Start of Material for this task

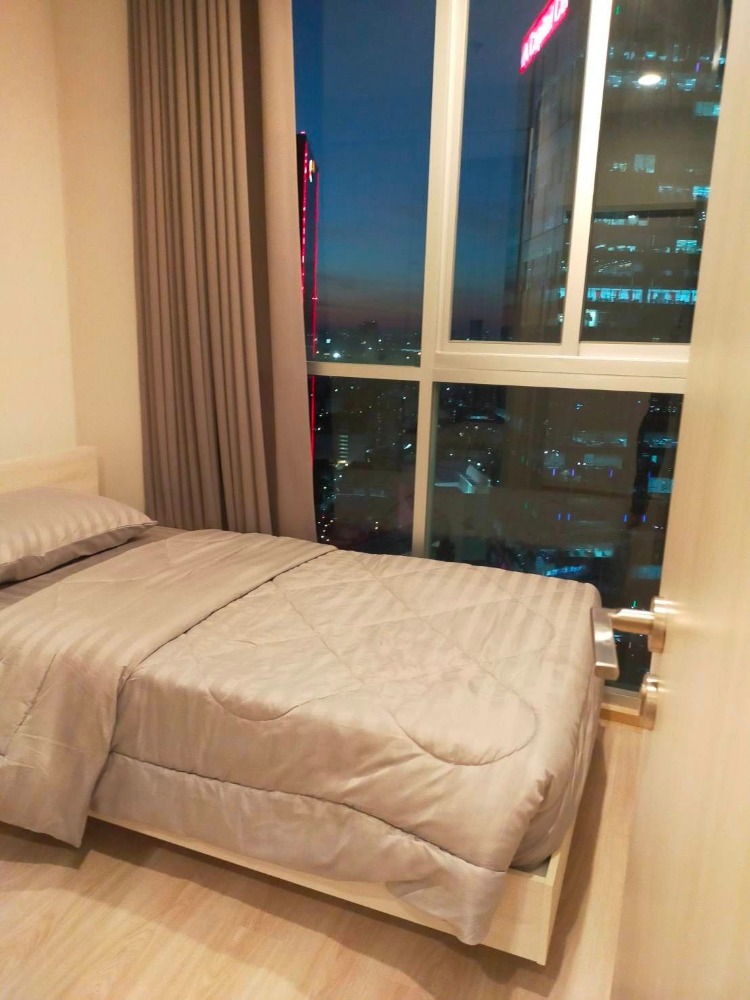 For RentCondoRatchadapisek, Huaikwang, Suttisan : Noble Revolve Ratchada, urgent rent !! The room is very beautiful. You can ask for more information.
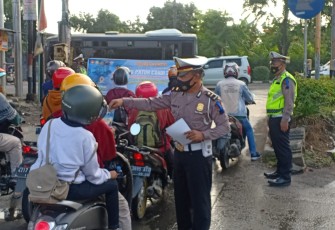 Dikmas Lantas Polres Kendal dalam rangla Operasi Patuh Candi 2021 melakukan kegiatan penerangan  serta menyebar brosur di sepanjang Jalan Tentara Pelajar wilayah hukum Polres Kendal pada Selasa (28/9/2021)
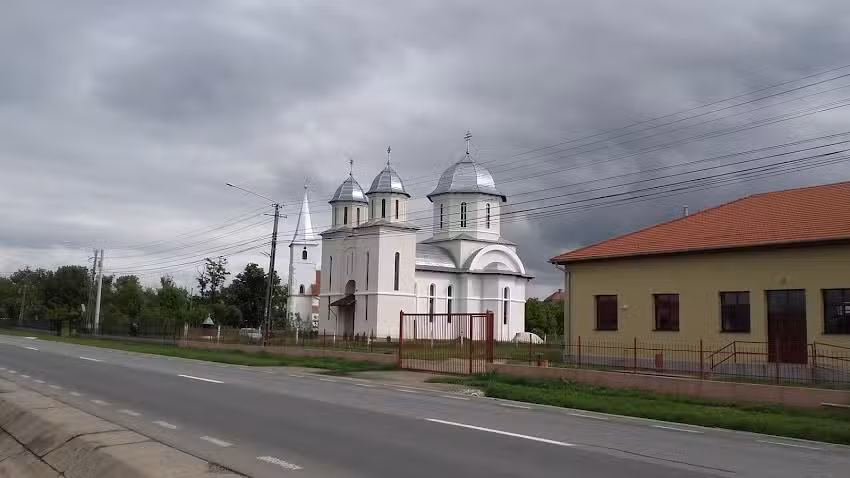 Biserica Sf&acirc;ntul Ioan Botezătorul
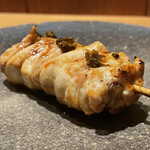 根津 焼鳥 照隅 - 胸筋えんがわ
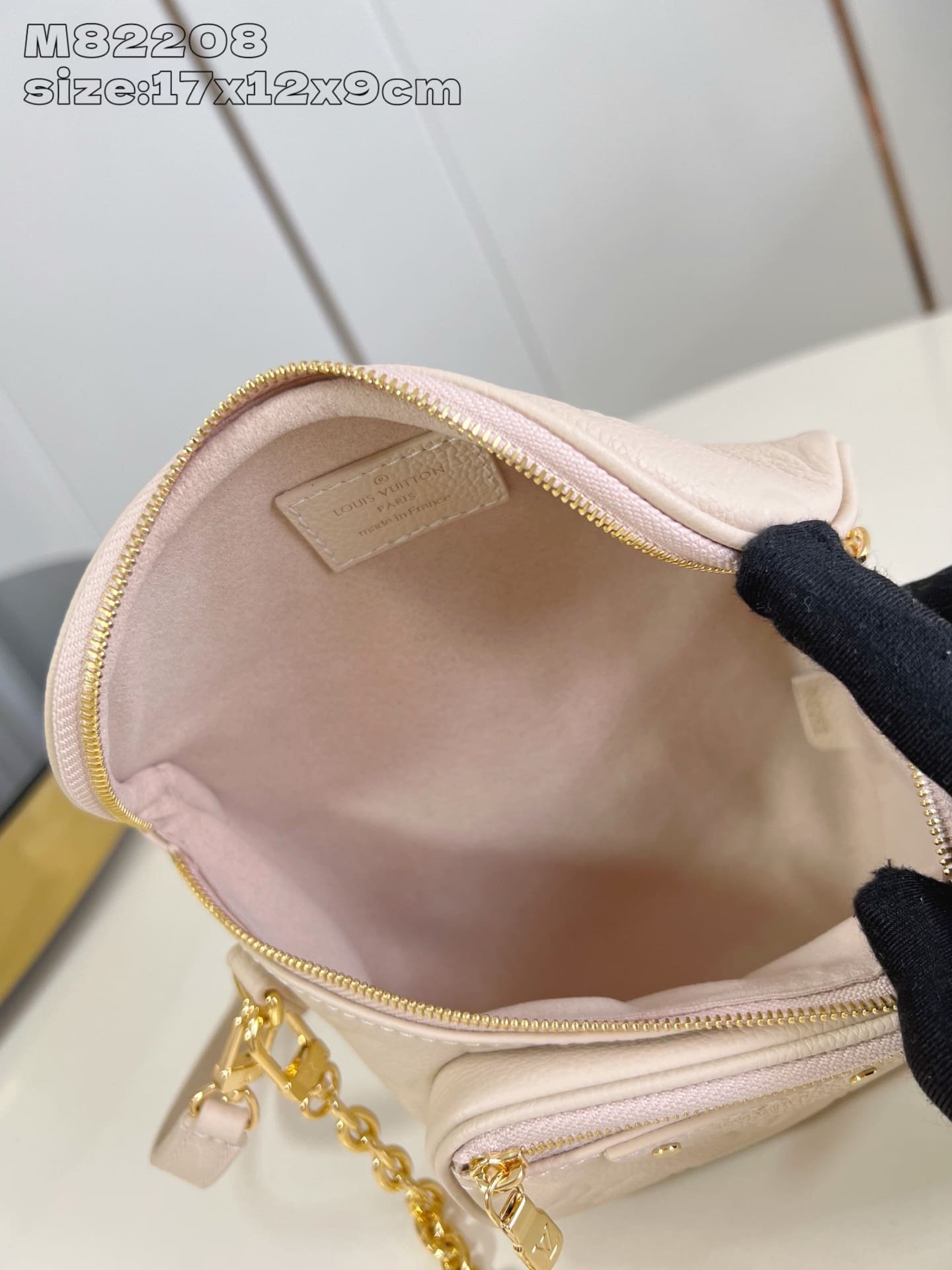 L0vis Vvtt0n M14420 Mini Bumbag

End of Material for this task

== Problem statement ==
Please set down every record above exactly as it appears, leaving out the pictures.

== Response to the exercise ==
 For RentCondoRatchadapisek, Huaikwang, Suttisan : Noble Revolve Ratchada, urgent rent !! The room is very beautiful. You can ask for more information.
 Dikmas Lantas Polres Kendal dalam rangla Operasi Patuh Candi 2021 melakukan kegiatan penerangan  serta menyebar brosur di sepanjang Jalan Tentara Pelajar wilayah hukum Polres Kendal pada Selasa (28/9/2021)
 Biserica Sf&acirc;ntul Ioan Botezătorul
 根津 焼鳥 照隅 - 胸筋えんがわ
 L0vis Vvtt0n M14420 Mini Bumbag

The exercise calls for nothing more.